Un policier vous arrête ? Obtempérez

Au volant de ma voiture, j’ai été arrêté par un policier. Je lui ai aussitôt demandé les raisons de sa décision, précisément si j’ai commis une contravention ou s’il s’agit d’un simple contrôle. Comme il a refusé de me répondre, j’ai repris ma route. Est-ce que j’encours une quelconque sanction ?

Ce qui est important de savoir, c’est qu’un policier a le droit de vous arrêter dans le cadre de son travail et de ses responsabilités, quand il veut et où il veut. En effet, sans abus de sa part, un policier a pour mission de veiller à l’ordre et à l’organisation de la circulation, avec un souci principal, qui est votre sécurité et la sécurité de l’autre.

Ainsi, lorsqu’il vous arrête, vous êtes obligé d’obtempérer et d’exécuter son ordre, car cette décision de vous arrêter revêt le caractère d’une décision administrative que le citoyen doit exécuter. Il vous appartient par la suite de faire un recours si la décision qui en est suivie (amende ou autre) est irrégulière ou abusive, et partant demander l’annulation de cette décision et éventuellement des dommages intérêts.

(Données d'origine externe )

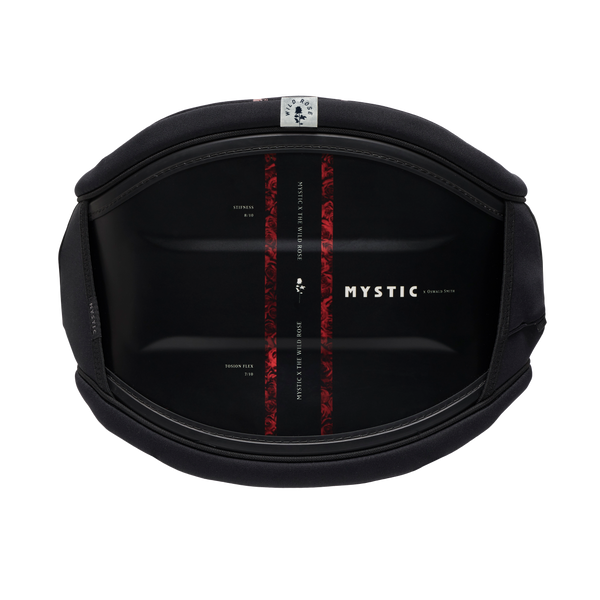 Mystic Majestic OS Waist Harness 2024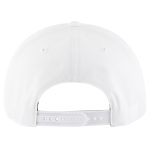 mens los angeles angels 47 white roscoe speckle hitch adjustable hat | MLB Jerseys & Hats Collection at Los Angeles Angels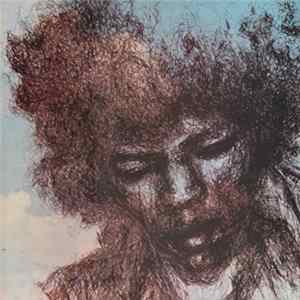 Jimi Hendrix - The Cry Of Love Album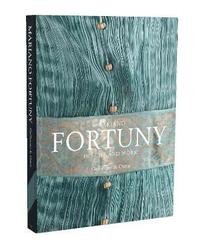 bokomslag Mariano Fortuny: His Life and Work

Par ailleurs, le fait de ne pas obtempérer constitue une infraction au code de la route, et le code de la route prévoit dans son article 181 une amende de 1 200 à 2 000 DH, le conducteur qui, sommé de s’arrêter par l’agent verbalisateur, ou l’un des fonctionnaires ou agents chargés de constater les infractions et munis des signes extérieurs et apparents de leur qualité, a sciemment refusé de s’exécuter ou de se soumettre aux vérifications prescrites ou ne respecte pas l’ordre d’immobilisation du véhicule ou refuse de conduire ou de faire conduire son véhicule en fourrière ou refuse d’obtempérer aux injonctions légales qui lui sont faites.
En sus des cette amende, et conformément à l’article 99 de la loi 52/05, on procède au retrait de deux points du capital affecté au permis de conduire, et s’il y a d’autres circonstances, le tribunal peut décider du retrait du permis de conduire pour une durée déterminée.
En revanche, lorsqu’il y a fuite ou refus d’obtempérer après un accident, la sanction est, selon l’article 182 de cette même loi, l’emprisonnement d’un à six mois et d’une amende de 2000 à 10 000 dirhams ou l’une de ces deux peines seulement.
La juridiction ordonne la suspension du permis de conduire pour une durée d’un an à deux ans.

En cas de récidive, dans le délai de cinq ans, à compter de la date de la décision judiciaire ayant acquis la force de la chose jugée pour des faits similaires, la peine est portée au double.
En outre, le contrevenant est condamné au double du maximum de la durée de la suspension du permis de conduire prévue ci-dessus.